SUPPLIED MATERIAL:

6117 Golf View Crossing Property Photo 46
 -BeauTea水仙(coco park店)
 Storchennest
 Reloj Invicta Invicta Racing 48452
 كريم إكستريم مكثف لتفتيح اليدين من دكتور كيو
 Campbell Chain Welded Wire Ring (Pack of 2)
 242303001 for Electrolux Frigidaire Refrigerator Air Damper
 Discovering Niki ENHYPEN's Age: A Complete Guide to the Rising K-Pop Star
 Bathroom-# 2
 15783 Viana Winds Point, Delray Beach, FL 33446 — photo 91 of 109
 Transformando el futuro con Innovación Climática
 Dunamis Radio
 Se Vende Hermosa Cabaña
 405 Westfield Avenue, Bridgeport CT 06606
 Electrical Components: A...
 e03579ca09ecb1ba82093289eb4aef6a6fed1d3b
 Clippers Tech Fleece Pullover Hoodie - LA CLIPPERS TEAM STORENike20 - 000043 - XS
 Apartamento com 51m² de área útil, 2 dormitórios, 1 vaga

WHAT IS NEEDED: When you answer, output all of the material exactly as it appears above.

REPLY:
6117 Golf View Crossing Property Photo 46
 -BeauTea水仙(coco park店)
 Storchennest
 Reloj Invicta Invicta Racing 48452
 كريم إكستريم مكثف لتفتيح اليدين من دكتور كيو
 Campbell Chain Welded Wire Ring (Pack of 2)
 242303001 for Electrolux Frigidaire Refrigerator Air Damper
 Discovering Niki ENHYPEN's Age: A Complete Guide to the Rising K-Pop Star
 Bathroom-# 2
 15783 Viana Winds Point, Delray Beach, FL 33446 — photo 91 of 109
 Transformando el futuro con Innovación Climática
 Dunamis Radio
 Se Vende Hermosa Cabaña
 405 Westfield Avenue, Bridgeport CT 06606
 Electrical Components: A...
 e03579ca09ecb1ba82093289eb4aef6a6fed1d3b
 Clippers Tech Fleece Pullover Hoodie - LA CLIPPERS TEAM STORENike20 - 000043 - XS
 Apartamento com 51m² de área útil, 2 dormitórios, 1 vaga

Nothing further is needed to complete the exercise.